(Beginning of PROVIDED RECORDS)

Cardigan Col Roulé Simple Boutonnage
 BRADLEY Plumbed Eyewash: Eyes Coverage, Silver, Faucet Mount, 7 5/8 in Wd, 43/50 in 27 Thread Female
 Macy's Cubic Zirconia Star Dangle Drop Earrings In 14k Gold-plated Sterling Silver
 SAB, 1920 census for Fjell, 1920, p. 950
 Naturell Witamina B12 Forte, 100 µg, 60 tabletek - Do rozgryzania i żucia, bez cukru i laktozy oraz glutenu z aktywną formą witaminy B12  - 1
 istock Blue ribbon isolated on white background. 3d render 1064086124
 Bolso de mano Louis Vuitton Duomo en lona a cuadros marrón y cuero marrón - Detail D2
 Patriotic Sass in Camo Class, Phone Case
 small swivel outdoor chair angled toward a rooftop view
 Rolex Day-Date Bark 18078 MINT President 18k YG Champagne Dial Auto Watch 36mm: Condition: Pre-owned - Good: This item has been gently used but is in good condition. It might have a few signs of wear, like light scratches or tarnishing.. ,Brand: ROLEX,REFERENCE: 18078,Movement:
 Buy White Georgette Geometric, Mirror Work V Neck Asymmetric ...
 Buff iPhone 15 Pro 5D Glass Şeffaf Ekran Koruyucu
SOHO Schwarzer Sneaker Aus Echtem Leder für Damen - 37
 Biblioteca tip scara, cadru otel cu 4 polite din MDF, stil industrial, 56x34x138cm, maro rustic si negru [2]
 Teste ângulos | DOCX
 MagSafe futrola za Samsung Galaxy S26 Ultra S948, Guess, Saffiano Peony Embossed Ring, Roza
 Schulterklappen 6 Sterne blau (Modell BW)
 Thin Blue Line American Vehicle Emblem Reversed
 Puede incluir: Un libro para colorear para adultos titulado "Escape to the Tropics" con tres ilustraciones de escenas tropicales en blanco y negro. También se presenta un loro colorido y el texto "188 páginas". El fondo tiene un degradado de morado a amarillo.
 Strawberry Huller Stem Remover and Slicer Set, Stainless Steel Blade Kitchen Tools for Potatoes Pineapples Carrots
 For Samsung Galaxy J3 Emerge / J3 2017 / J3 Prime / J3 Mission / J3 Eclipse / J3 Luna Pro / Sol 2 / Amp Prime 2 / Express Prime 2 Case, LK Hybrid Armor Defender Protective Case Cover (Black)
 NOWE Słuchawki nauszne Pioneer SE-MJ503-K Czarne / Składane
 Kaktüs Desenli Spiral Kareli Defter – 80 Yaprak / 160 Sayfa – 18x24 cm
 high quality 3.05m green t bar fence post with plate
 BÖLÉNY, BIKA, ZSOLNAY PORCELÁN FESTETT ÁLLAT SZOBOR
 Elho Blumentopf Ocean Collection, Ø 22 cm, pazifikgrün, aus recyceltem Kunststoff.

(End of PROVIDED RECORDS)

*GOAL OF THE EXERCISE*.
Nothing before the line containing "Buy White Georgette" should be repeated; repeat that line and all later lines through the end of the data above, exactly.

*SOLVED PROBLEM*.
 Buy White Georgette Geometric, Mirror Work V Neck Asymmetric ...
 Buff iPhone 15 Pro 5D Glass Şeffaf Ekran Koruyucu
SOHO Schwarzer Sneaker Aus Echtem Leder für Damen - 37
 Biblioteca tip scara, cadru otel cu 4 polite din MDF, stil industrial, 56x34x138cm, maro rustic si negru [2]
 Teste ângulos | DOCX
 MagSafe futrola za Samsung Galaxy S26 Ultra S948, Guess, Saffiano Peony Embossed Ring, Roza
 Schulterklappen 6 Sterne blau (Modell BW)
 Thin Blue Line American Vehicle Emblem Reversed
 Puede incluir: Un libro para colorear para adultos titulado "Escape to the Tropics" con tres ilustraciones de escenas tropicales en blanco y negro. También se presenta un loro colorido y el texto "188 páginas". El fondo tiene un degradado de morado a amarillo.
 Strawberry Huller Stem Remover and Slicer Set, Stainless Steel Blade Kitchen Tools for Potatoes Pineapples Carrots
 For Samsung Galaxy J3 Emerge / J3 2017 / J3 Prime / J3 Mission / J3 Eclipse / J3 Luna Pro / Sol 2 / Amp Prime 2 / Express Prime 2 Case, LK Hybrid Armor Defender Protective Case Cover (Black)
 NOWE Słuchawki nauszne Pioneer SE-MJ503-K Czarne / Składane
 Kaktüs Desenli Spiral Kareli Defter – 80 Yaprak / 160 Sayfa – 18x24 cm
 high quality 3.05m green t bar fence post with plate
 BÖLÉNY, BIKA, ZSOLNAY PORCELÁN FESTETT ÁLLAT SZOBOR
 Elho Blumentopf Ocean Collection, Ø 22 cm, pazifikgrün, aus recyceltem Kunststoff.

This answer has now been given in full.